Face a este panorama, Cabo Verde desenvolve uma Estratégia Nacional de Prevenção do Suicídio, alinhada com as diretrizes da OMS e integrada no plano estratégico nacional para a saúde mental. Esta estratégia, implementada desde 2020, aborda múltiplas vertentes, desde o controlo do acesso a meios lesivos até estratégias de comunicação especializadas.

Uma das iniciativas mais visíveis é a rubrica semanal “Saúde Emocional”, resultado de uma parceria entre a RCV Mais, a Direção Nacional de Saúde e o Programa de Saúde do Adolescente. Este programa de cinco minutos, transmitido todas as segundas-feiras, procura sensibilizar a população para os cuidados com a saúde emocional e a educação emocional de crianças e adolescentes.

A estratégia prevê ainda a introdução de novos instrumentos de recolha de dados, incluindo uma ficha específica para registar tanto os casos consumados como as tentativas de suicídio, a fim de permitir uma melhor caracterização dos casos e identificação de padrões comportamentais.

Estigma em Cabo Verde persiste como principal obstáculo

Apesar dos esforços, o estigma em torno da saúde mental continua a ser o principal obstáculo à prevenção eficaz. “Suicídio é um tema que ainda as pessoas têm medo de abordar, porque está envolta a estigmas, e há muitas vezes as pessoas têm a ideia de suicídio ser um ato de fragilidade ou de fraqueza”, explica Belmira Miranda.

Esta resistência cultural manifesta-se na relutância das famílias em procurar ajuda psicológica e na dificuldade de detetar precocemente os sinais de alerta no seio familiar. Contudo, a psicóloga nota uma evolução positiva: “Há uma mudança nisso, as pessoas cada vez mais procuram ajuda”.

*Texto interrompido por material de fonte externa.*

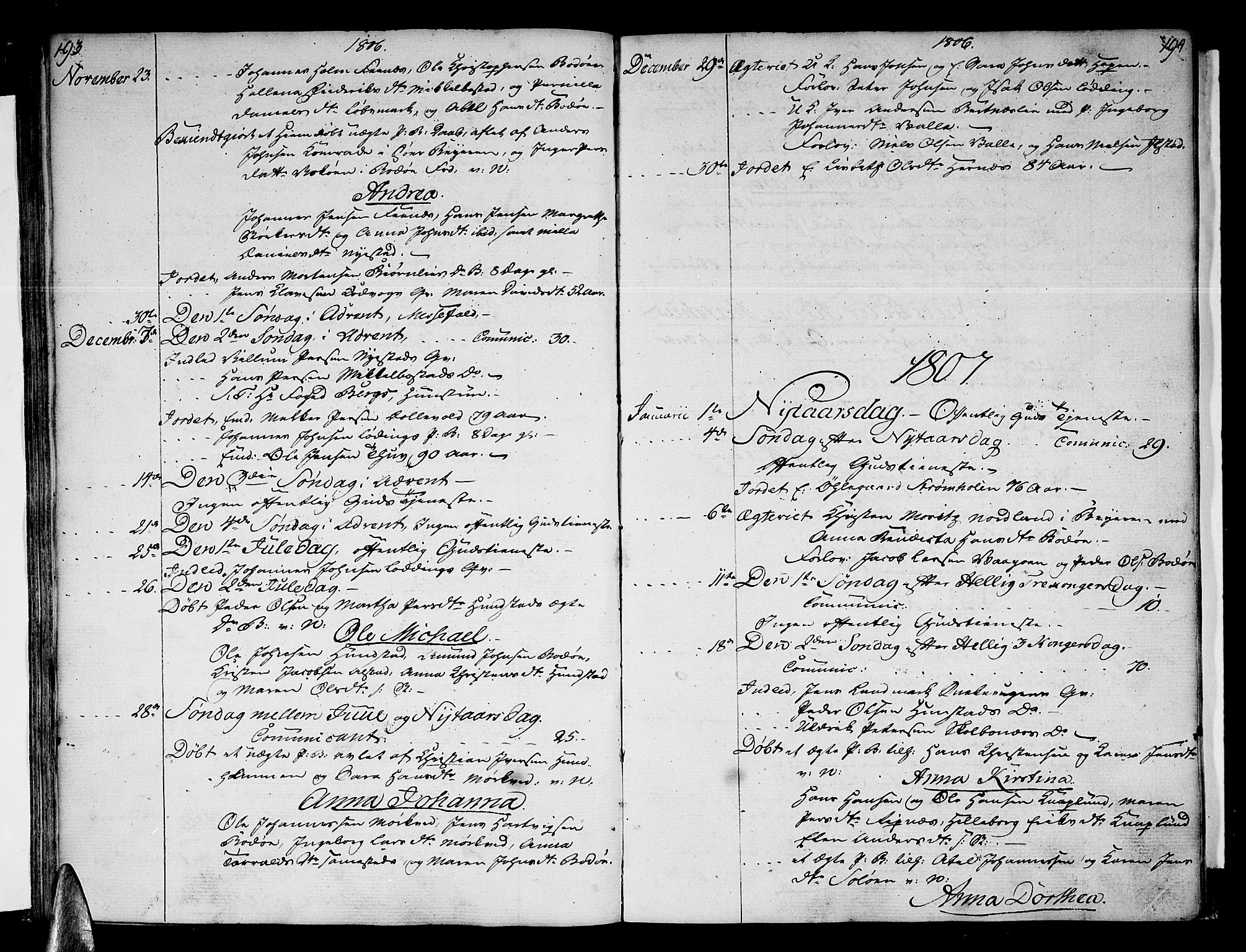Ministerialprotokoller, klokkerbøker og fødselsregistre - Nordland, SAT/A-1459/801/L0004: Parish register (official) no. 801A04, 1796-1817, p. 193-194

O tema escolhido pela OMS para o período 2022-2026, “Mudando a Narrativa sobre o Suicídio”, com o lema “Comece a Conversa”, visa precisamente combater este estigma e encorajar o diálogo aberto sobre saúde mental.

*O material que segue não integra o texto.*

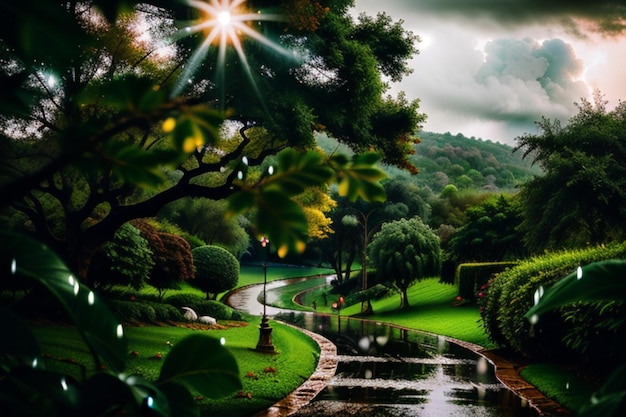 自然の雨の日の風景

Desafios globais espelham-se localmente

Os dados da OMS divulgados a 3 de setembro revelam a dimensão global do problema. Em 2021 registaram-se 727 mil suicídios mundialmente, tornando-se uma das principais causas de morte entre jovens em todos os contextos socioeconómicos. Apesar da meta dos Objetivos de Desenvolvimento Sustentável de reduzir as mortes por suicídio em um terço até 2030, as projeções atuais apontam para uma redução de apenas 12%. O subfinanciamento da saúde mental constitui outro desafio transversal: o gasto médio governamental mantém-se em apenas 2% do orçamento total da saúde desde 2017, situação que se manteve inalterada mesmo após a pandemia.

Prevenção exige abordagem multissectorial

Para Belmira Miranda, a prevenção eficaz do suicídio requer uma abordagem que valorize o convívio, o autocuidado, redes de apoio, tanto nas comunidades, para que as pessoas possam realmente passar por algum transtorno, mas ter os devidos cuidados. A especialista sublinha a necessidade de trabalhar competências como a relação com o outro, a compaixão, e a comunicação não violenta, porque as pessoas precisam de empatia. Apenas através desta abordagem holística será possível não só detetar precocemente os sinais de risco, mas também criar uma sociedade mais resiliente e solidária.

O Setembro Amarelo representa assim mais do que uma campanha de sensibilização, constitui um apelo urgente à ação coletiva para quebrar tabus, construir pontes de diálogo e salvar vidas que podem ser preservadas com o apoio adequado no momento certo.